More

wooosh · on June 6, 2024

Probably not the most practical attack, but it is very possible to MITM the connection between the keyboard itself and the motherboard.

izacus · on June 6, 2024

And then return me my laptop and steal it again?

xzjis · on June 6, 2024

You have to consider what kind of risk you are protecting yourself against.

It's highly unlikely that you would be the target of such a highly sophisticated attack, but a hacker could get into a place where you left your computer without surveillance (such as your home or a hotel) for about 15 minutes, and install it inside your computer.

If you think you could be the target of such an attack, you could maybe enable an alert in the settings of your UEFI if your computer has been opened (I know that my ThinkPad has that option), or the better option is to always keep your laptop with you.

izacus · on June 6, 2024

I'm mostly asking because the original poster was painting a process that can be sniffed off the bus (that is - buy a stolen laptop off ebay, try to boot it, sniff the key off the bus) with a process that requires active targeting and multiple breakins to work as equivalent.

It seems like these security discussions always devolve into rather funny moving of goalposts without actually considering how much work each exploit requires.

michaelt · on June 6, 2024

The goalposts haven't moved in my mind, but I suppose I didn't make them clear in my first post.

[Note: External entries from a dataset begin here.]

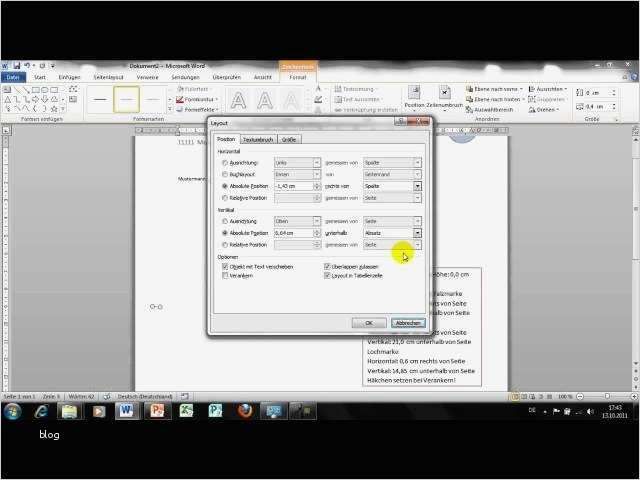 Vorlage Word Erstellen Gut Vorlage Für Geschäftsbrief Mit Word Erstellen — Kinotubeinfo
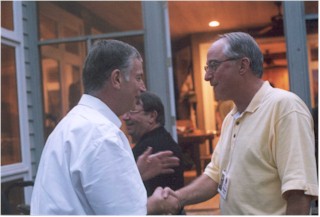 October 1, 2004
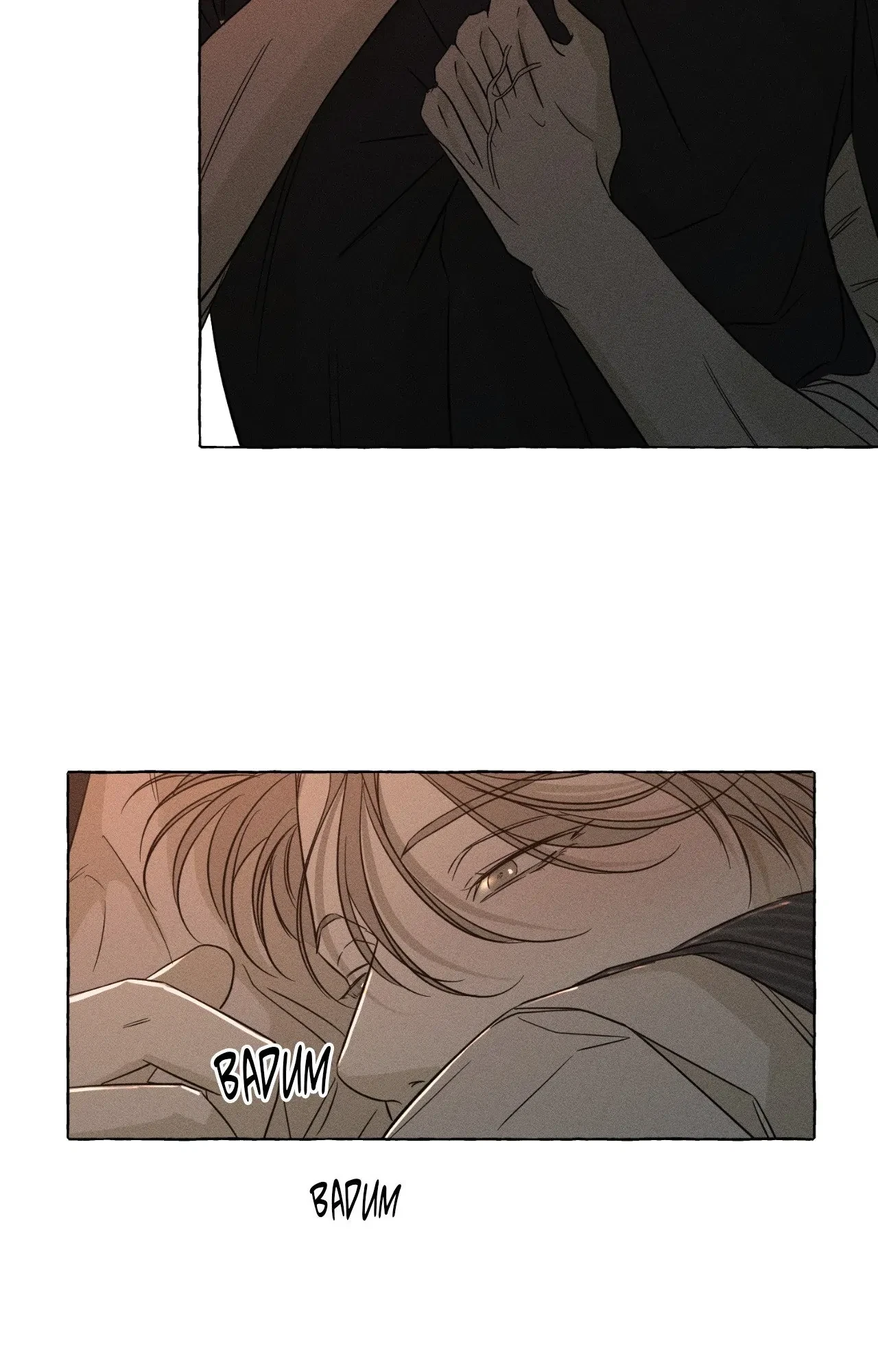 Chapter 49, page 72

Basically the TPM provides a set of features that are really useful for corporate Windows deployments. No more forgotten passwords, because the self-unlocking disk encryption sends the user straight to the Windows login screen, and helpdesk can reset forgotten Windows passwords remotely.

And for casual home Windows users, it lets them log in with a 4-digit PIN or with biometrics, so it's got usability benefits for them too. If every OS now needs Microsoft's signature of approval, or a really fiddly setup process? Well they were running Windows anyway, so no problem.

These usability/support benefits rely on self-unlocking disk encryption, which is vulnerable to sniffing if someone gets a stolen laptop on ebay.

For the kind of technically sophisticated, security enthusiast users who comment on blog posts about TPMs? We're more than happy to key in a strong unique password at every boot, and if we forget the password and lose access to everything on that disk that's just the system working as it's supposed to.

For us, the benefits of TPMs and measured boot for personal use are a lot more obscure. You'll sometimes hear people claim it protects against 'evil maid attacks' where an attacker repeatedly gets physical access to your laptop. The truth is it provides no such protection.

Foxboron · on June 6, 2024

> For us, the benefits of TPMs and measured boot for personal use are a lot more obscure. You'll sometimes hear people claim it protects against 'evil maid attacks' where an attacker repeatedly gets physical access to your laptop. The truth is it provides no such protection.

TPMs give you fine and adequate protections in many scenarios, even physical ones.

They also provide you with better protection for private key material.

I'll even give you an example:

https://github.com/Foxboron.keys

The last key is a TPM key from my `ssh-tpm-agent` project: https://github.com/Foxboron/ssh-tpm-agent

Here is the private key: https://paste.xinu.at/9fc2YJQuUCbg1Sa/

I don't remember if the key has a PIN (it was for a presentation/demonstration), but if it has it's like 4 digits long.

michaelt · on June 6, 2024

> TPMs give you fine and adequate protections in many scenarios [...] my `ssh-tpm-agent` project

I agree that's adequate, in the sense that keeping the an SSH key as a password-protected file on disk is adequate, and having it be a password-protected secret in the TPM is no less secure than that.

But the whole point of binding a key to hardware is to be secure even if a remote attacker has gotten root on your machine. An attacker with root can simply replace the software that reads your PIN with a modified version that also saves it somewhere. Then they can use the key whenever your computer is online, even if they can't copy the key off. And although that's a bit limiting, once they've SSHed to a host as me once they can add their own key to authorized_keys in many cases.

That's why Yubikeys and U2F keys and suchlike have a physical button.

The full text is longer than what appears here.